* [Required work] Nothing but the lines from the first line of the records below to the line holding "Tooting Bec Central" belongs in the answer, copied exactly and without pictures.
[Study material Boundary: Start]
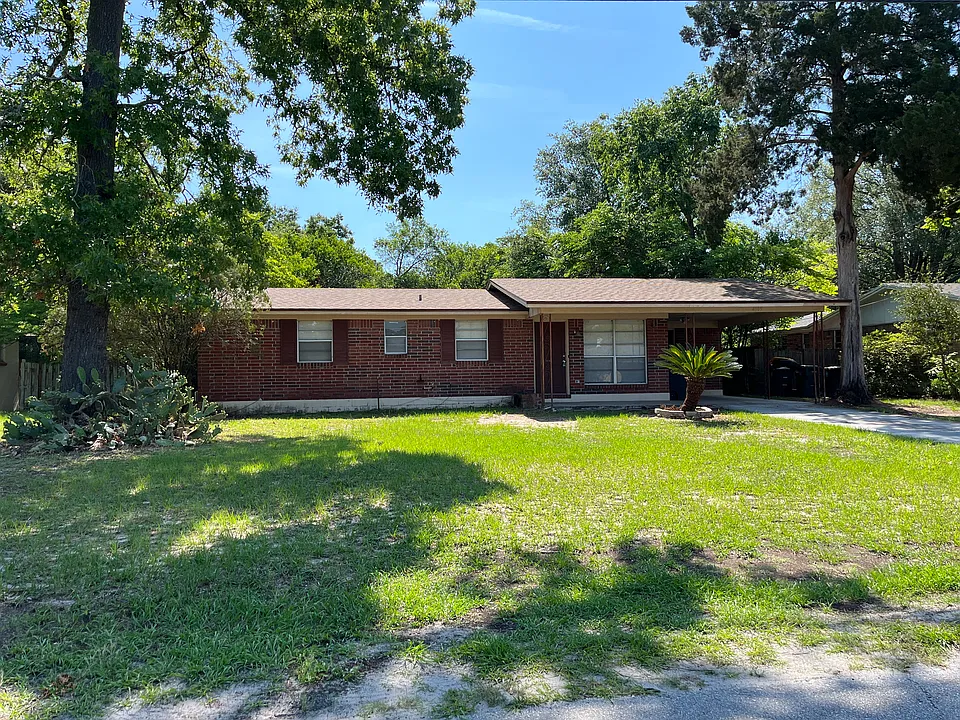 4305 Anson Dr
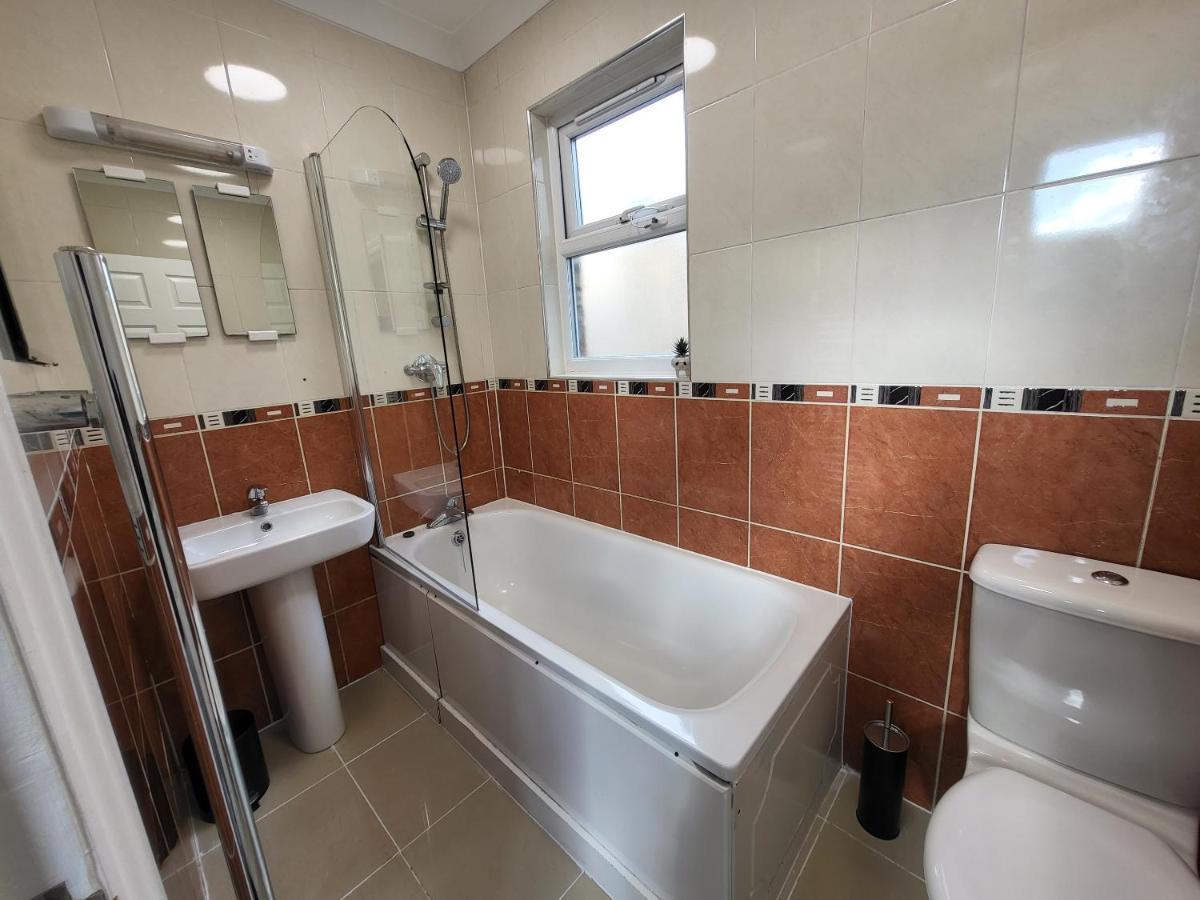 Tooting Bec Central Apartment By London Tube المظهر الخارجي الصورة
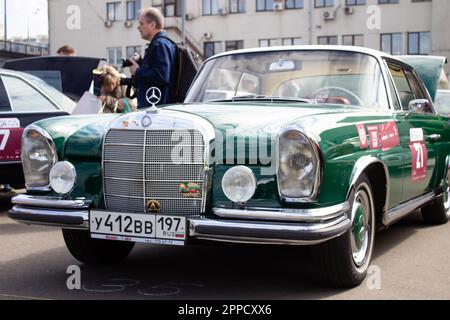 Moskau, Russland. 23. April 2023. Ein Mercedes-Retro-Auto, das in der Nähe des Gorky-Parks in Moskau geparkt wurde. An der Retro Rally „Capital“ (Stolitsa) 2023 in Moskau, Russland, nahmen über 100 Retro-Autos Teil. Diese Veranstaltung eröffnet eine Reihe offizieller Wettbewerbe der Saison 8. des Russian Automobile Federation Cup in Rallye-Rennen mit Oldtimern. Legendäre sowjetische Marken wie „Volga“, „Moskvich“ und „Zhiguli“ sowie weltberühmte Marken wie Rolls Royce, Bentley, Mercedes, Porsche, Jaguar, Und andere. (Foto: Vlad Karkov/SOPA Images/Sipa USA) Guthaben: SIPA USA/Alamy Live News Stockfoto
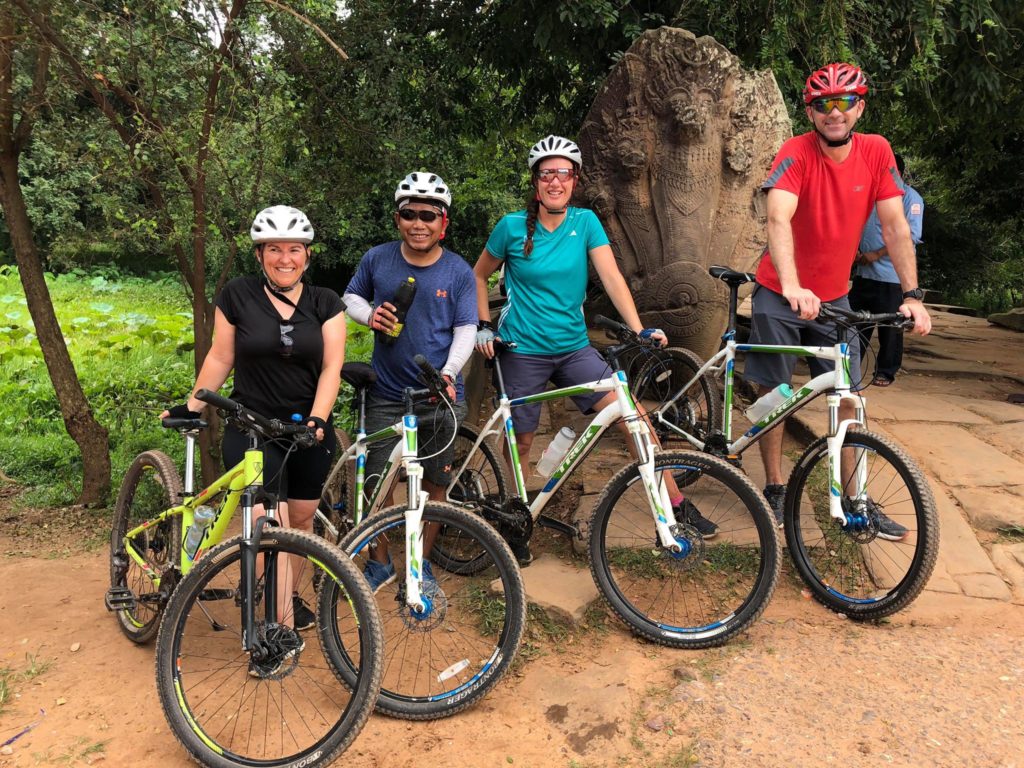 cycling-angkor-and-making-friends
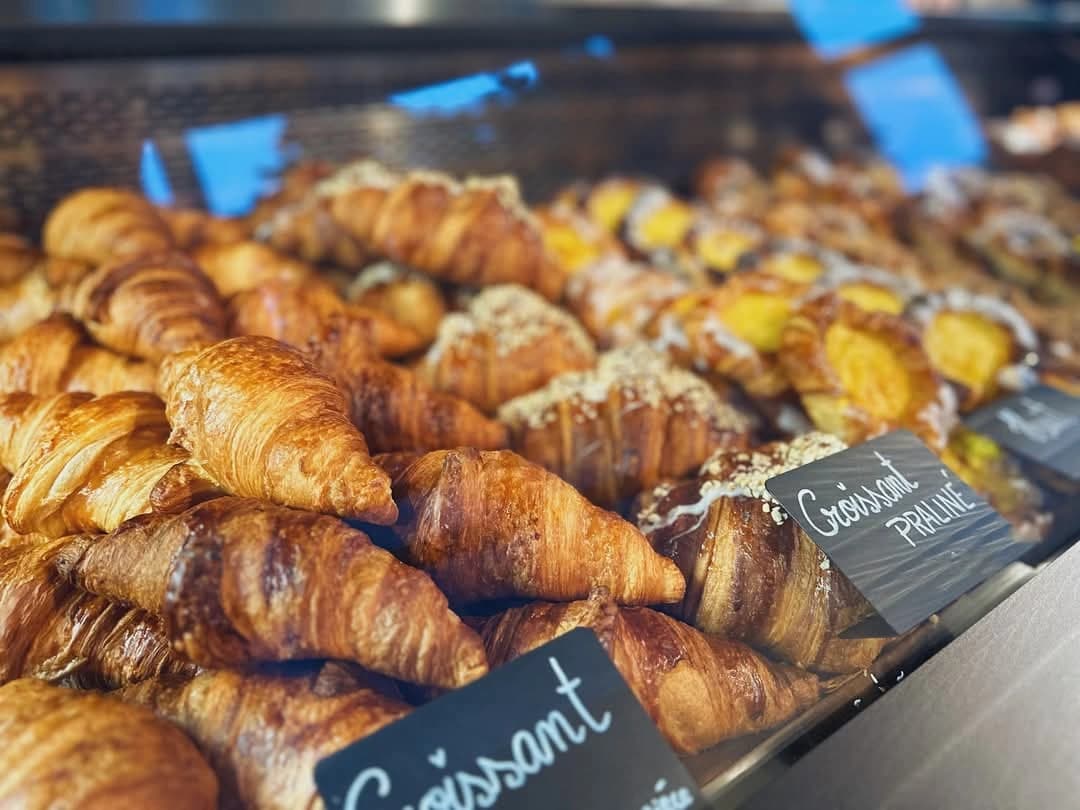 Fresh croissants shown on the Karameli café and bakery website
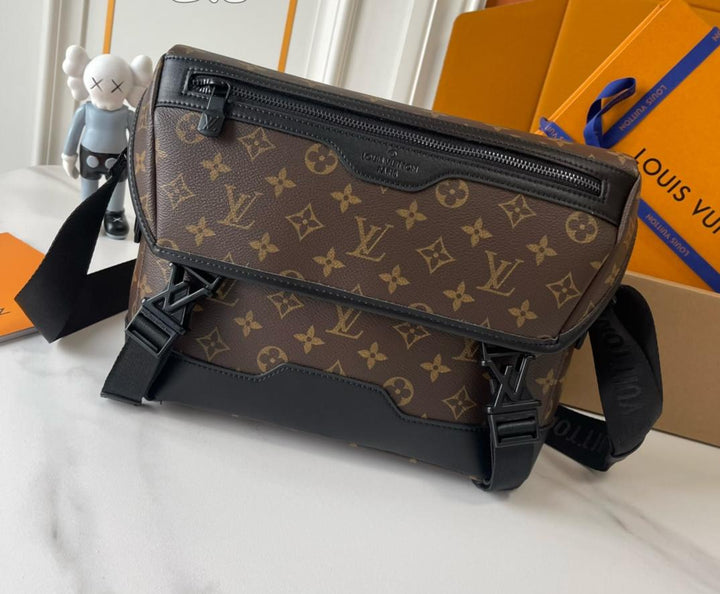 3 Colors - New Large Capacity Messenger Bag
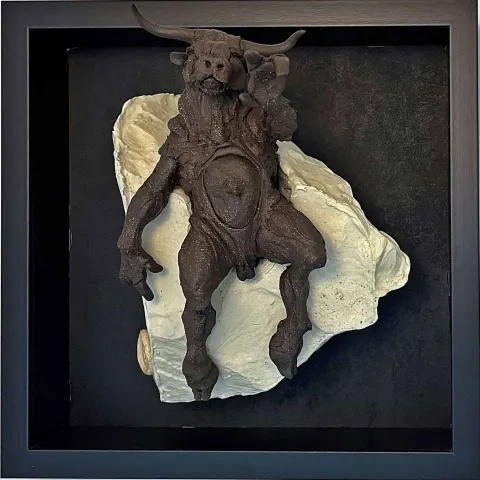 "isimsiz" eseri BUĞRA ÖZER tarafından 2022 yılında 25x25 cm ölçülerinde Serbest elle şekillendirme, stoneware kil, 1150°C tekniği ile yapılmıştır.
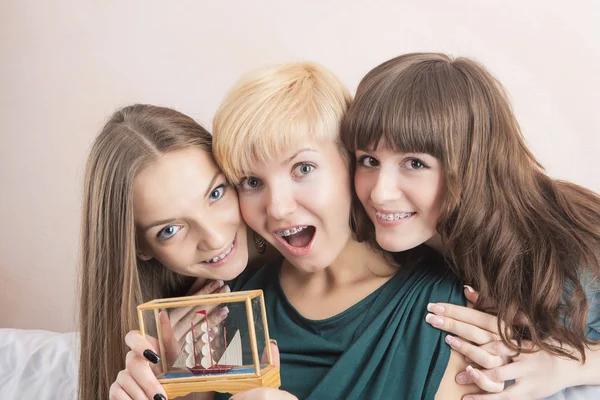 Üç genç beyaz kız ile birlikte oturan dişler köşeli ayraç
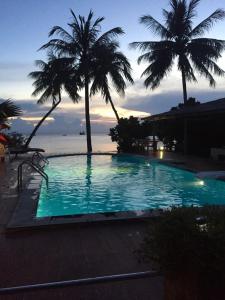 Bazén v ubytování Carabao Diving Koh Tao nebo v jeho okolí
[Study material Boundary: End]
* [Completed exercise]
 4305 Anson Dr
 Tooting Bec Central Apartment By London Tube المظهر الخارجي الصورة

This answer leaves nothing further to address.